This is probably more of a straightforward neo/symphonic album than those released during their halcyon days, but what might be lacking in the ethnicity department is more than compensated by their fervor for the prog rock that is as much a part of who they are. Cautiously I want to say that this sounds like it could have appeared after "Myths and Legends", but that would be minimizing the impact of the last 30 years of prog revival. So, while comparisons to CAMEL, ELOY, FM, SAGA and even KANSAS still resonate, I also hear kinship with the grandchildren of that generation like CLEPSYDRA and TEMPUS FUGIT. Mohamed AlSadeqi continues to front with his stirring leads, but the twin keys of Nader Sharif and Khalid Al Shamlan shade "Take a Closer Look" slightly to the symphonic side. That's not to say that they have forgotten to rock out, and I think the vigor of Ahmed Rawanbakhsh contributes mightily in terms of newfound enthusiasm, particularly on briefer punchier numbers like "And it's over".
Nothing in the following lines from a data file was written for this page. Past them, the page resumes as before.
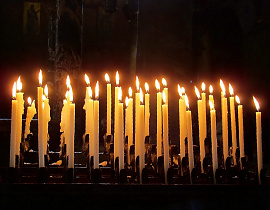 Свечи горящие - фото №15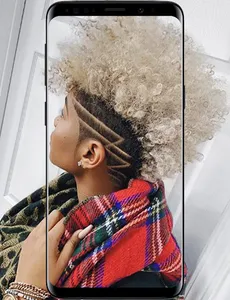 Black Women Line Hairstyles screenshot 1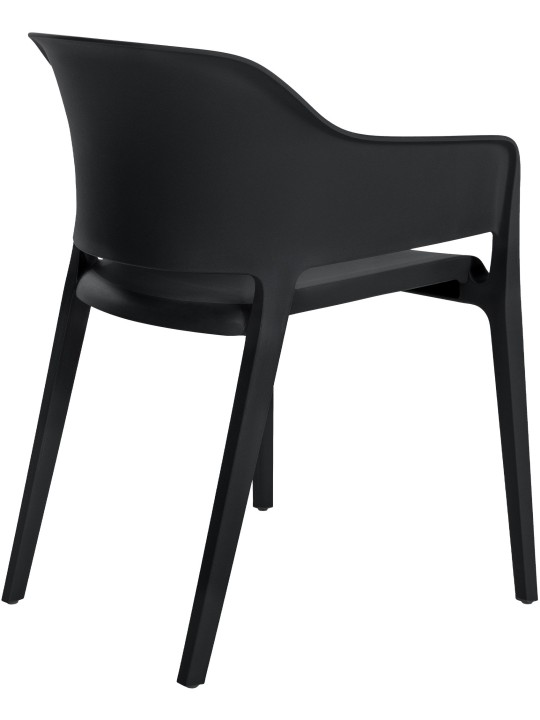 Puebla egymásra rakható szék, fekete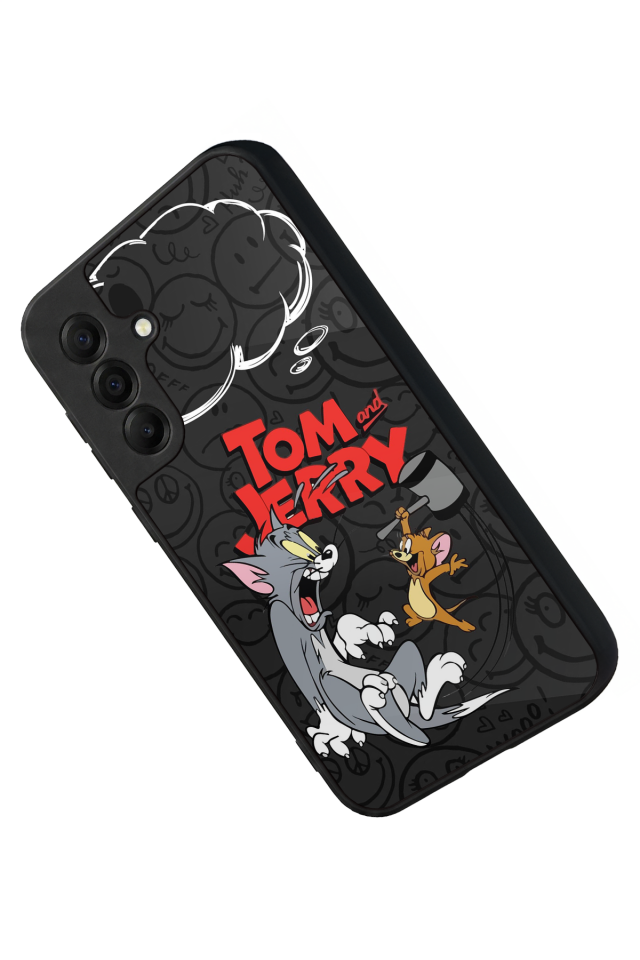 Samsung Galaxy A17 Uyumlu Tom And Jerry Tasarımlı Glossy Premium Kılıf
The album crests just where it should, on the longest tracks, particularly the hook laden but profound title cut, the glorious instrumental "Until we Meet", and the most proggy number "Inner Thoughts", which segues from the suspenseful first movement to a hard rock crescendo culminating in a convincing wail by Rawanbakhsh. About half way through the tempo is more jazzy, angular and thrilling. My only dissatisfaction is that it reminds me of somebody (besides CAMEL) and I can't quite grasp it in waking or in dreams.

If you are already a fan, I can't recommend this enough. If you are a neo or CAMEL fan or would be if both rocked a bit more, I recommend you zoom in here, and then explore their first couple of albums in order. 4.5 stars rounded up because this album's just got it. Bravo!